Uluslararası ölçekte bu akımın sivrilmiş iki sitesi var: Kickstarter ve Indiegogo. İkisinde de sıkça dolanıp ne var ne yok bakıyorum. Şahsen fonlayıp desteklediğim birkaç projenin ötesinde, normalde hayata geçmesi imkansız ilginç nice fikrin bir bir gerçeğe dönüşünü izlemek, yaratıcı girişimciliği gözlemek adına gerçekten heyecan verici.
Son blog yazılarımda dikkatinizi çekmiş olmalı; cihazlara işlev tanımlama, birbiriyle konuşturma konusuna ilgim her geçen gün artıyor. İnternete bağlanabilir ve programlanabilir ürünleri temel alan bu heves bazen mantığı zorlayan bütçelere boyun eğmeyi gerektirebiliyor.
Son dönemde ilgimi çeken iki örneğe bakalım.
Programlanabilir düğme: The bttn
Adından da anlaşılacağı gibi bttn (İngilizce’deki düğme anlamına gelen ‘button’ kelimesinden türetme) dev boyutlu bir düğme. Farklı renk seçenekleri var. Kablosuz ağınızdan internete bağlanıyor ve istediğiniz şeyleri yapmak için programlanabiliyor. Programlama deyince gözünüz korkmasın; yapacağınız alt tarafı IFTTT sitesinde ikoknları sürükleyip bırakarak senaryolar oluşturmak (IFTTT de ayrı bir hastalık, başka zaman bakarız).
Ürünün hikayesi de ilginç. İki sene önce bir restoranda oturan iki arkadaş “garsonu çağırmak için bir düğme olsaydı ne güzel olurdu” diye sohbete dalınca (insanı yaşama küstüren o Avrupa garsonları) diğer arkadaş da yaşlı annesine tek düğmeye basınca kendini aramasını sağlayabilmenin ne hoş olacağından bahseder. Sohbetin sonunda bttn fikri çıkar.
Örneğin akşam eve dönüp bastığınızda Foursquare ya da Facebook’tan check-in olmak, ısıtıcıyı açmak, belirlediğiniz kişilere belirlediğiniz mesajları SMS ya da email ile yollamak, birini aramak, bir mesajı bir gruba yollamak gibi pek çok senaryo atamak mümkün (ya da benzerlerini işyerindeki bttn için kurgulamak).

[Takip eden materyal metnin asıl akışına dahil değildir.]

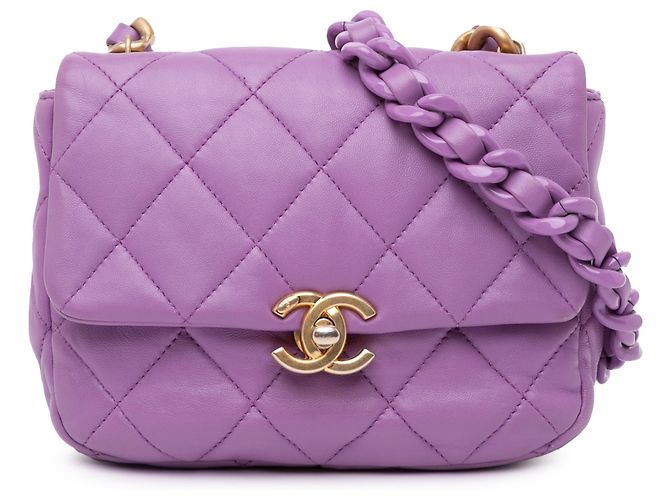Chanel Mini Bolsa de Couro de Corde Roxa com Corrente Candy Roxo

Tek tıklama, çift tıklama, günün farklı saatlerinde farklı roller / senaryolar üstlenme gibi değişkenler de var. Hayatınızdaki rutin işlemleri kolaylaştırma adına mantıklı bir çözüm.
Her güzelin bir kusuru var derler ama bttn’ın kabahati büyük: ÇOK pahalı!
2014’ün son çeyreğinde (yani iyi niyetli bir tahminle Ekim ayında) satışa sunulması beklenen bttn için öngörülen fiyat 100 dolara yakın. Şu ara ön sipariş de kapanmış durumda. Peki internete bağlanabilen plastik bir düğme için bu kadar para vermek mantıklı mı? Değil elbet. Teknoloji harcamalarında mantık arasaydık bugün pek çok şirket ve hizmet batardı (His ve arzularımız mantığımızdan daha az önemli değil neyse ki. Geçen akşam yemekten sonra o tatlıyı yemek zorunda mıydınız mesela? Bttn -ve türevleri- de o hesap biraz).
Bttn’ın ‘küçül de cebime gir’ hali: Pressy
Bttn güzel hoş da her zaman yanımızda taşımak mümkün (ve mantıklı) değil. Bu açığı kapatan çözümlerden biriyse (yine Kickstarter sayesinde tanıştığım) Pressy.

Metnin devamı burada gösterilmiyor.